Today my post is about balance - can you achieve it, what does it look like, does it really matter? A friend recently told me she strives for an 80/20 balance of homemade vs. storebought baby food when it comes to daycare lunches. My question is: how do you attain that balance which makes you comfortable and should it really matter?

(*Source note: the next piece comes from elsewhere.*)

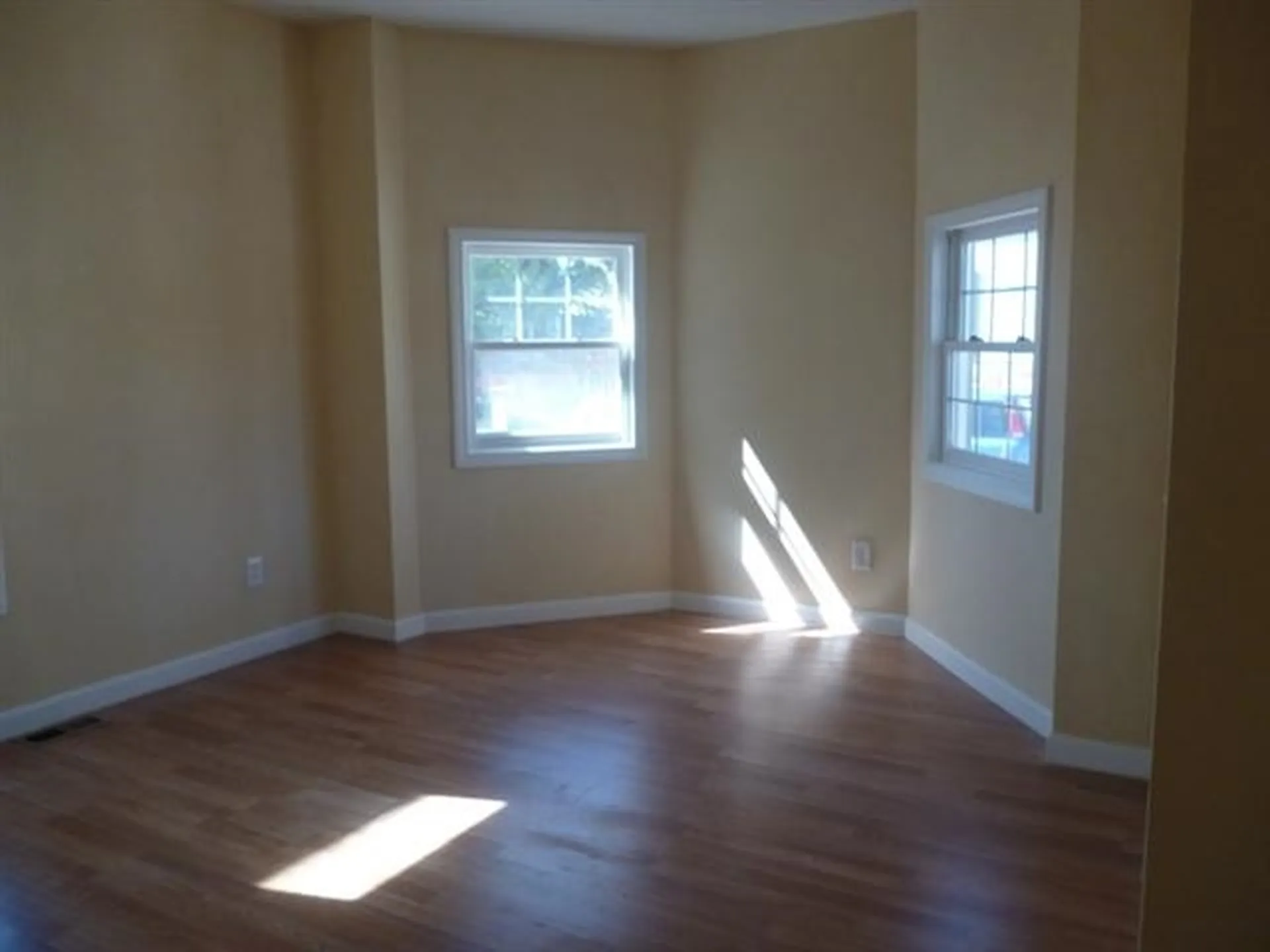 4 Holmes Street Nashua NH 03060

Tonight the Babe ate half a banana and half a cup of cornflakes for dinner. They were not organic corn flakes. They probably have high fructose corn syrup in them, and most likely are dyed yellow. You know what? Tonight I didn't care. I bust my butt on Sundays prepping food for the three of us for lunches and dinners for the week. If she doesn't want to eat the chicken, rice, corn purée I made on Sunday, then a banana is fine by me. Because I'll be damned if I'm going to thaw another batch of homemade purees, just to have it poo-pooed by her and end up in the garbage.

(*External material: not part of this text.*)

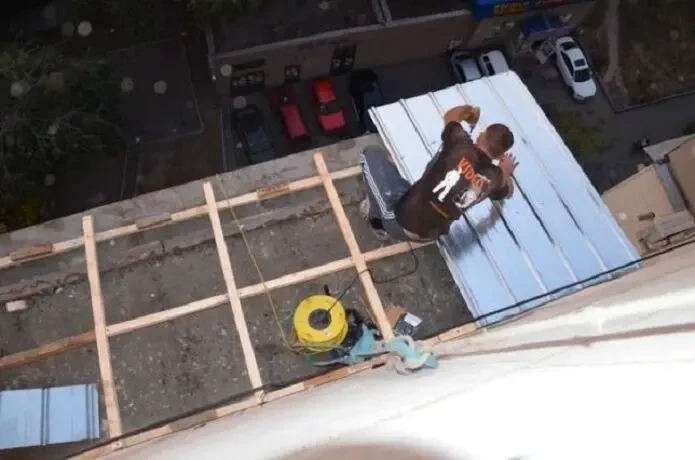 Высотные и кровельные работы. Ремонт и замена крыш дома, балкона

I am constantly trying new ways to get the Babe to eat veggies, legumes, less dairy and more fruit. But somedays it's hard, and I'm tired and uninspired and she ends up with something less than ideal for dinner. It's no one's fault, it's just the result of having two parents who work, somewhat clean the house and try to cook as often as possible. Sometimes she gets a delicious well balanced meal and sometimes, a banana because that's all she wants.

I think we need to give ourselves and other mothers a pass. You want to feed your son Annie's Bunnies for a few nights? Me too! Are you fed up with making oatmeal filled with squash, prunes and fruit purees, only to have it spat out? Me too! You've been sending your baby to daycare with jarred baby food for the last three days because the pizza you ordered for dinner doesn't purée so well? Welcome to the club sister! Or brother :)

Whether you work full-time outside the home, part-time, or work as a stay-at-home mom, this week give yourself a pass. Easter dinner wiped me out, as I'm sure it did the rest of you, and despite what Baby Centre may tell you, a few snacks of Goldfish crackers will not turn your child into a salt-hoarding Gollum. However, eating all your child's Easter candy in one sitting may require a few extra minutes (hours) on the treadmill.

~ H

1 comment:

  1. Yesterday for lunch, I made Everett and I kraft dinner. Sodium rich, high in orange dye and fake ingredients KRAFT DINNER. And you know what? It was delicious. Sure I added some broccoli and peppers to make it more "healthy" but in the end that box isn't going to kill him.